第871話 骸骨腐敗龍(スカル・コラプション)
男が今まで体験してきた痛みを受けてきた男は耐えきれずに、失神していた。
「……侵入者が一人だけか。何が目的なのか聞きそびれたな」
「目的なら、教えるが」
男の目の前にさっきまで地に倒れていた男が再び現れる。
男は慌てて、地面を確認する。地面には確かに、男は居る。
「クローン軍隊で攻めに来たのかな?」
「クローンでは無い。これは能力だ」
「分身か?」
「能力について話すつもりは無い。ここで死んで貰おう」
「……この先に居るジェームズには勝てねぇよ」
男はそう言うと扉を開ける。
「何のつもりだ?」
「……行きたければ、行けば良い」
「後悔するぞ」
「お前がな」
男は警戒しながらも、国立図書館へと入っていく。
「……ビリーには困ったものだな」
国立図書館の内部の警護についていたジェームズは呆れた様に呟く。
「……ジェームズだな?」
「否定はしないよ」
「否定はあの家系だけか?だからこそ、ただのジェームズと名乗っているのだろう?」
「君には関係の無い話だ」
「構わない。俺達はあの本が欲しい」
「……出来ないよ。それ!」
男は一瞬でジェームズの最後を取ると、素手でジェームズの首を跳ねた。
「……ここからだろう?ジェームズ」
首が切断されたジェームズは顔、体から凄まじい煙を放出すると、肉は溶け、骨だけにあると、骨は急激に数を増やし、骨組みの巨体な竜へと姿を変える。
「……骸骨腐敗龍か?」
「ここで、終わりとなるよ」
国立図書館が崩れない様に形を整えたジェームズだったが、大きさ的にはその男を圧倒するには十分過ぎた。骨組の龍の姿となったジェームズは全身から、汚染物質を放出する。

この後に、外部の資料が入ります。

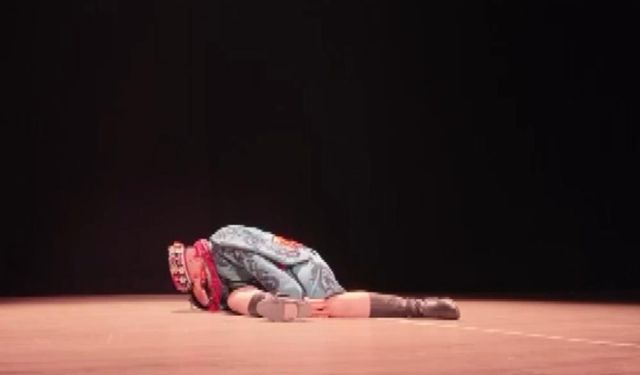 Halk Oyunu Gösterisi Sakatlıkla Sona Erdi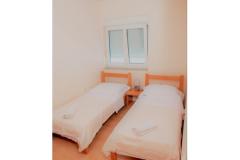 Apartmaji Petra  Apartma 3 – Rozi 3/6 foto 5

かなり離れた場所に居た男だったが、たまらずに手で口を覆い、ジェームズとの距離を取る。
「逃がさないよ」
ジェームズは骨組みとなった龍の口を大きく開くと汚染物質を口から放出させる。全身から放出される汚染物質は遅く、逃げようと思えば簡単に逃げる事は可能だったが、口から放出された汚染物質は違った。口から放出された汚染物質は逃げる男に直撃すると、男の体の肉は溶かされ、骨のみとなった。骨だけになった男の元にジェームズは近寄り、その骨を骨組みとなった龍の体へ移植すると、男の骨はジェームズの物へとなった。
「素晴らしいな。その異能は」
その声にジェームズは慌てて、その声の方向を確認する。
そこには、骨となった筈の男が居た。
しかし、ジェームズが奪った骨は今も骨組の一部となって、龍の姿に組み込まれていた。